Arabuluculuk, mahkemelerin otoriter karar mantığı yerine çözüm anlayışını getirir. Ne yazık ki davalar ülkemizde oldukça uzun sürelerde karara bağlanmaktadır. Bu sadece ülkemize özgü de değildir, tüm dünyada mahkeme süreçleri uzun ve karmaşıktır. Mahkemeler, sıkı usul kurallarına bağlıdır ve oldukça masraflıdır; dosya-harç vb. masraflar, avukat ücretleri ve diğer giderler düşünülünce bu masrafların boyutları tahmin edilebilir. Diğer yandan mahkemeler inkâr edilemez derecede gerilimin yaşandığı yerlerdir. Taraflar gittikçe daha da kazanma ve kaybettirme psikolojisi içerisinde karşı karşıya gelmekte ve kazanmak ile kaybettirmek üzere bir mücadeleye girişmektedir. Bunun yol açacağı sonuçlar ise tahmin edilebilir. Toplumsal gerçeklerimiz ile bu durumu düşündüğümüzde; mahkemelik olduğunuz biriyle gelecekte iş yapmanın veya güvene dayalı ilişki geliştirmenin oldukça zor olduğu açıktır. Bütün bu hususlar düşünüldüğünde ise arabuluculuk uygulamasının (aynı zamanda alternatif çözüm yollarının) faydaları daha net olarak ortaya çıkmış olacaktır. Şöyle ki:
– Arabuluculuk uygulaması çok daha az masraflıdır.

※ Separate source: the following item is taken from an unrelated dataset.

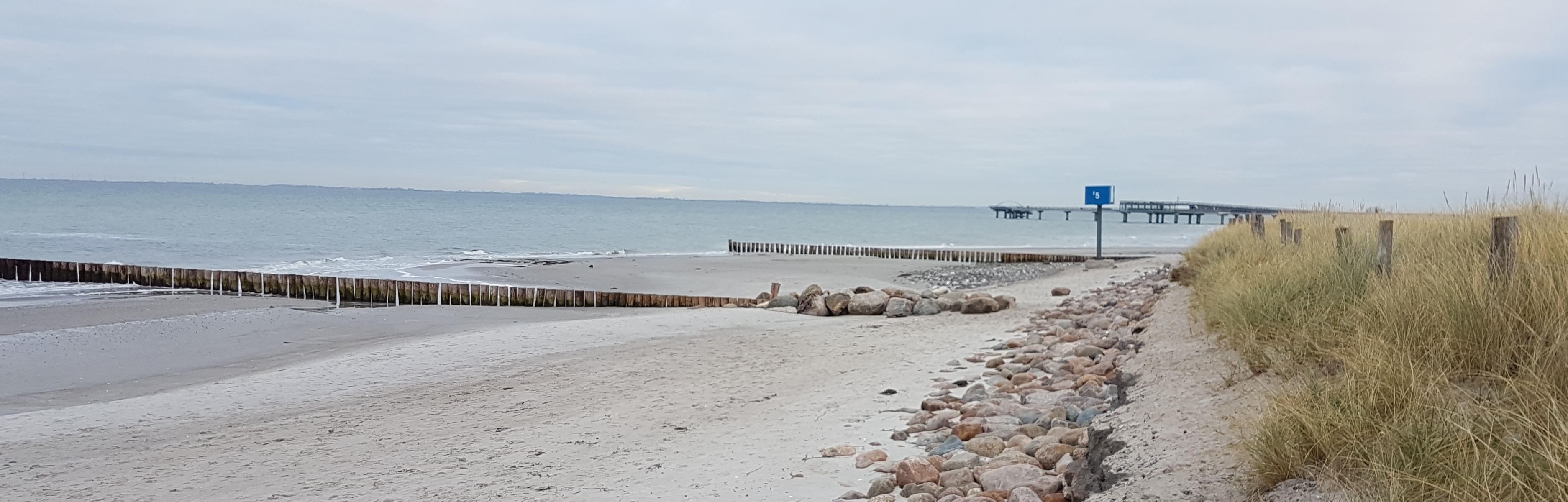 Blick vom Strandaufgang westlich von Turm 5 nach Osten. Darüber berichtete auch die LN. Der aufgespülte Sand war längst vor dem Schadensereignis 04./05. Jan. 2016 verschwunden. Ein großer Erfolg, so Herr Eggers...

– Kaybetme gibi bir durum yoktur, uyuşmazlığın çözümüne ve uzlaşmaya dayalıdır.
– Arabuluculuk ile taraflar mahkemelerde olduğu gibi gerilim yaşamazlar ve karşılıklı güven odaklı olarak ticari veya sosyal ilişkilerini sürdürebilirler.
– Arabuluculuk uygulamasında gizlilik esastır. Ortaya konan hususlar gizli kalır.
– Eşitlik ilkesi söz konusudur.
– Bütün bunlara ilaveten arabuluculuk ülkemizde ortalama olarak 4 gün içerisinde uyuşmazlıkları %70 oranında çözüme kavuşturur. Eğer arabuluculuktan çözüm alınamazsa mahkeme yolu açıktır.
İşte, Singapur Sözleşmesi adı verilen “Arabuluculuk Sonucunda Yapılan Uluslararası Sulh Anlaşmaları Hakkındaki Birleşmiş Milletler Sözleşmesi” ile ticari davalarda, dava yoluna gidilmeden evvel zorunlu olarak uygulanan arabuluculuklarda imzalanan sulh anlaşmaları artık sözleşmenin şartlarını da taşıyorsa bu sözleşmeye taraf olan diğer ülkelerde de kolayca icra edilebilecektir. Bu da hiç şüphesiz hem ticari uyuşmazlıkların çok daha hızlı çözülebilmesi hem de ülkemize yapılacak yabancı yatırımlar için önemli bir teşvik sayılabilir.